SECURITE

« Les réseaux sociaux ont favorisé la haine contre les policiers »


Ces dernières semaines, le pays doit faire face à une nouvelle vague de contestations syndicales. Celles-ci proviennent du monde des policiers. Ils protestent contre la révision de l’aménagement des fins de carrières et contre le blocage des négociations sur une revalorisation salariale. Nous sommes partis à la rencontre de membres d’une équipe d’intervention (BTI) au sein de la police de Bruxelles-Capitale Ixelles.

E.C. Il est question de supprimer le système de la non-activité préalable à la pension. Expliquez-nous de quoi il s’agit et en quoi il est crucial de la conserver pour les policiers ?

Nous exerçons un métier à risques et pénible. Auparavant, les plus anciens pouvaient obtenir des postes administratifs, mais à l’heure actuelle, il y a de plus en plus de personnel civil qui les occupe.
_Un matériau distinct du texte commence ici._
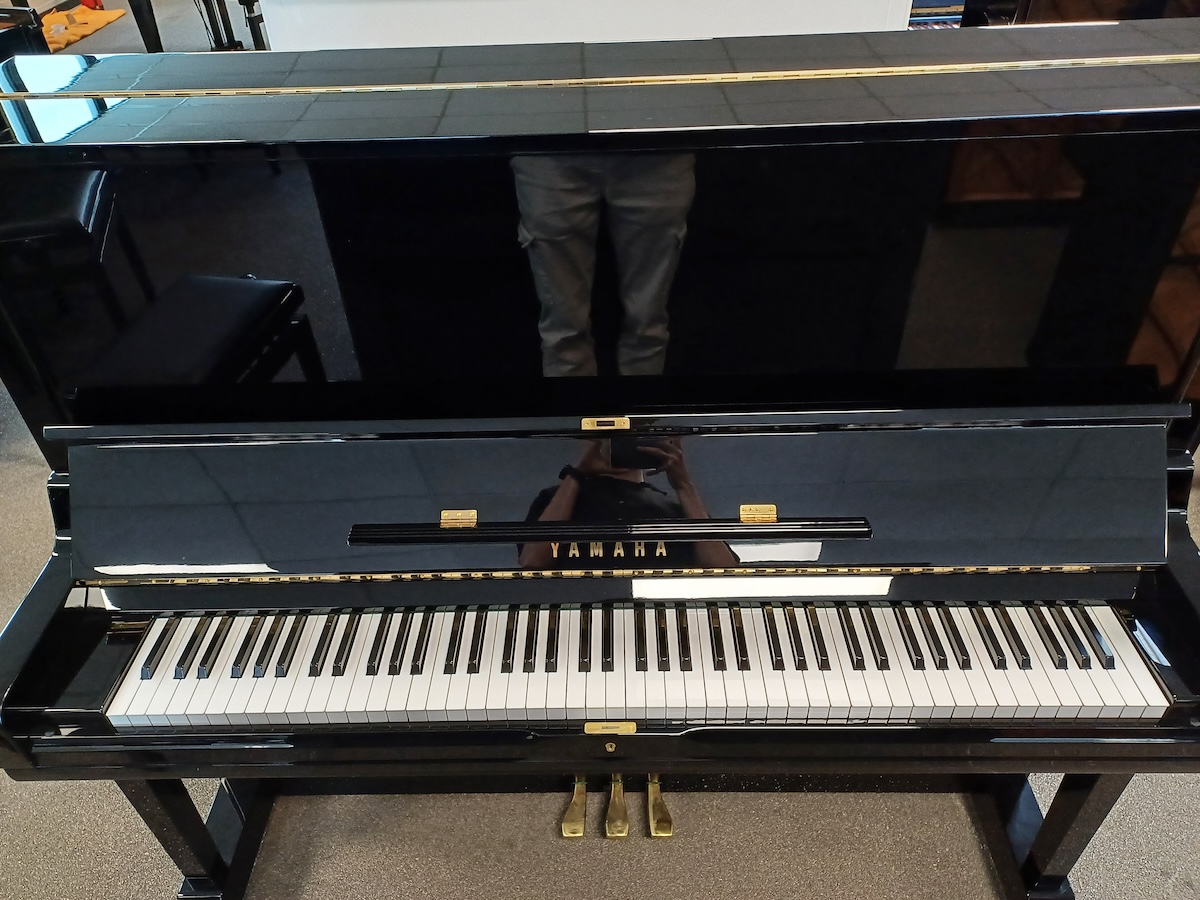 Yamaha piano te koop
Le policier se voit donc obligé d’effectuer des patrouilles dans la rue jusqu’à la fin de sa carrière. Le système de non-activité préalable à la pension est donc plus que crucial dans ce secteur. Il permet une anticipation à la retraite. Il faut légitiment se poser la question : Est-on encore capable à 65 ans de fournir un service de qualité comme il est attendu dans notre fonction.
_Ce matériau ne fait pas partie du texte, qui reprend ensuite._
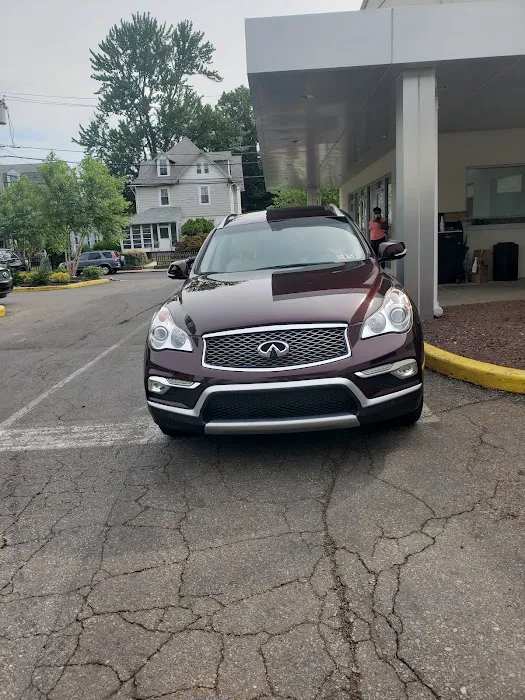 INFINITI Ardmore Service Center 5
E.C. Dans votre quotidien de policier de terrain, quelles sont les difficultés auxquelles vous êtes confrontés et que la population ne perçoit pas toujours ?

Le non-respect de la fonction s’aggrave et est généralisé. Il y a quelques années, ce n’était le fait que d’une infime partie de la population ou des réactions ponctuelles. Désormais, les insultes et les jets de projectiles sont quasi quotidiens. Les réseaux sociaux ont sans aucun doute favorisé la haine contre la police. On peut remarquer qu’il y a une véritable diffusion et banalisation de celle-ci. Ils ont également provoqué quelque chose de nouveau. Nous sommes de plus en plus souvent filmés et ces séquences sont souvent sorties de leur contexte et utilisées contre nous dans la société.
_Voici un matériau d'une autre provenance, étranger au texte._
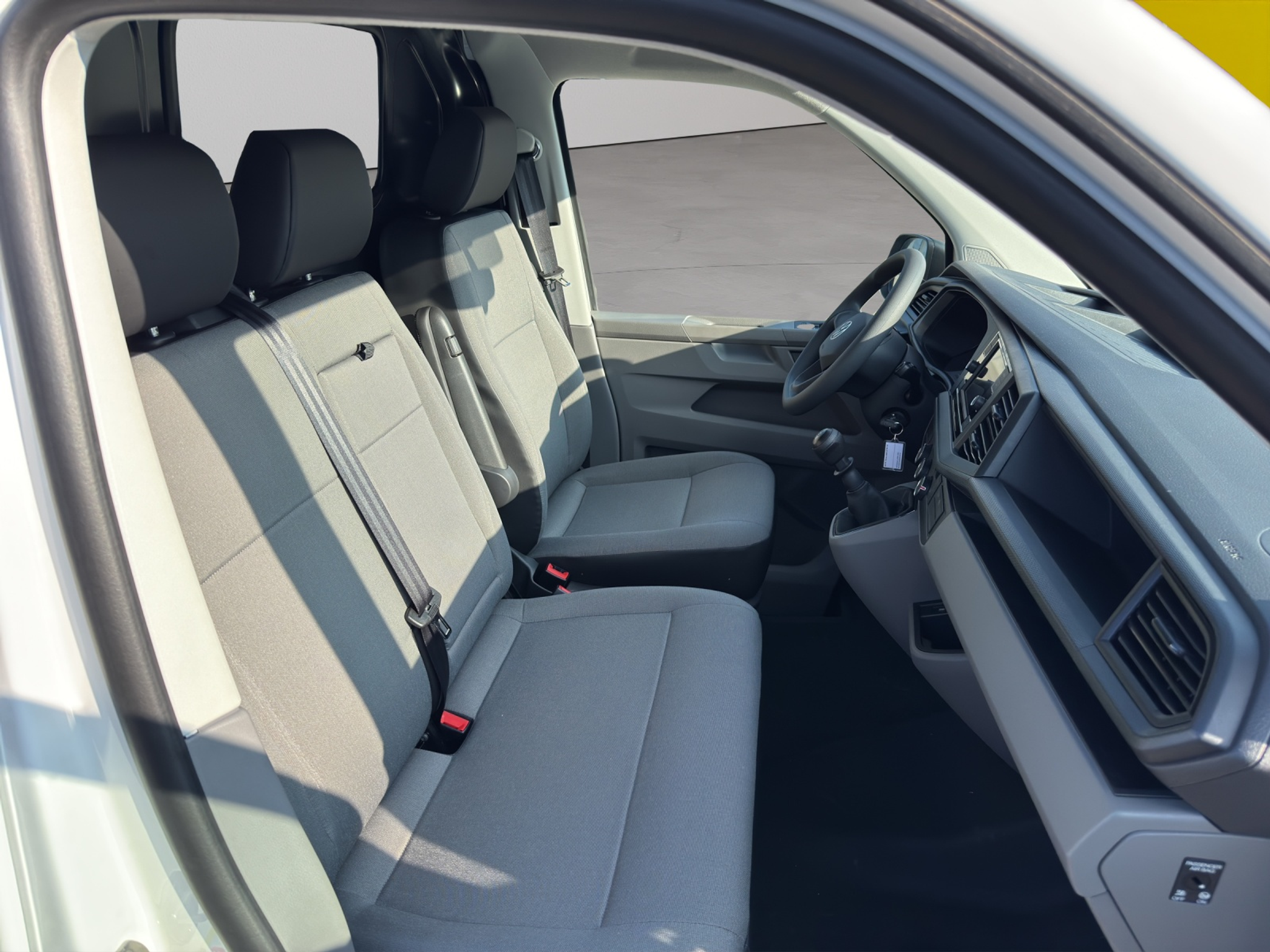 listing desktop thumbnail image 10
Le non-respect de la fonction s’aggrave et est généralisé.

E.C. Les syndicats policiers contestent aussi le blocage des négociations sur une revalorisation salariale. Cela fait plus de 20 ans que les barèmes de la police n’ont pas été revus. Qu’est-ce qui bloque actuellement dans les négociations ?

Probablement un blocage des politiques. Nous ne comprenons pas toujours, car paradoxalement, d’autres services comme l’armée ont pu en bénéficier. Nous nous estimons parfois les parents pauvres dans la protection de la population. On pourrait parfois être amené à penser qu’il s’agit d’un affaiblissement du pouvoir de l’Etat.

E.C. Avez-vous vécu des difficultés ou des pressions pour aller manifester ?

Des pressions non mais d’une certaine manière, notre liberté de manifestation est entravée car nous sommes réquisitionnés pour assurer un minimum de service garanti, ce qui est normal et inhérent à la fonction. Contrairement à la STIB ou d’autres services, la police ne peut jamais s’arrêter totalement.

E.C. Il est également fait mention de coupure dans le budget de la police fédérale. Encore une fois, on voit que l’on coupe dans les services publics. Est-ce là l’effondrement des services publics en Belgique ?

Un effondrement, on ne sait pas. Mais pour notre service, on remarque très clairement qu’il y a un manque d’effectifs et de matériel comme de moyens. La priorité a été donnée récemment à de nouveaux uniformes, alors que nous sommes en manque criant d’effectifs à Bruxelles.

Nous ressentons parfois une méconnaissance du monde politique par rapport au quotidien des agents de terrain.

E.C. Ressentez-vous cela comme un manque de reconnaissance du monde politique à l’égard de votre travail ?

Nous ressentons parfois une méconnaissance du monde politique par rapport au quotidien des agents de terrain qui constituent, il ne faut pas l’oublier, la base essentielle au fonctionnement de la police. Il s’agit des contacts quotidiens avec la population,…

E.C. Comment voyez-vous l’avenir de la police ? Etes-vous optimiste ?

Oui nous restons optimistes. Cependant, nous sommes à un moment crucial où les politiques, on l’espère, vont devoir accéder à certaines demandes. Nous croyons toujours en notre métier, il faut garder espoir car nous sommes le pilier d’une certaine sérénité sociale. Une société sans la police ou avec une police défaillante se transforme vite en une anarchie. Heureusement, énormément de jeunes rejoignent la police avec leur optimisme, dynamisme de la fonction. Cette mixité dans la police est aussi ce qui fait sa force.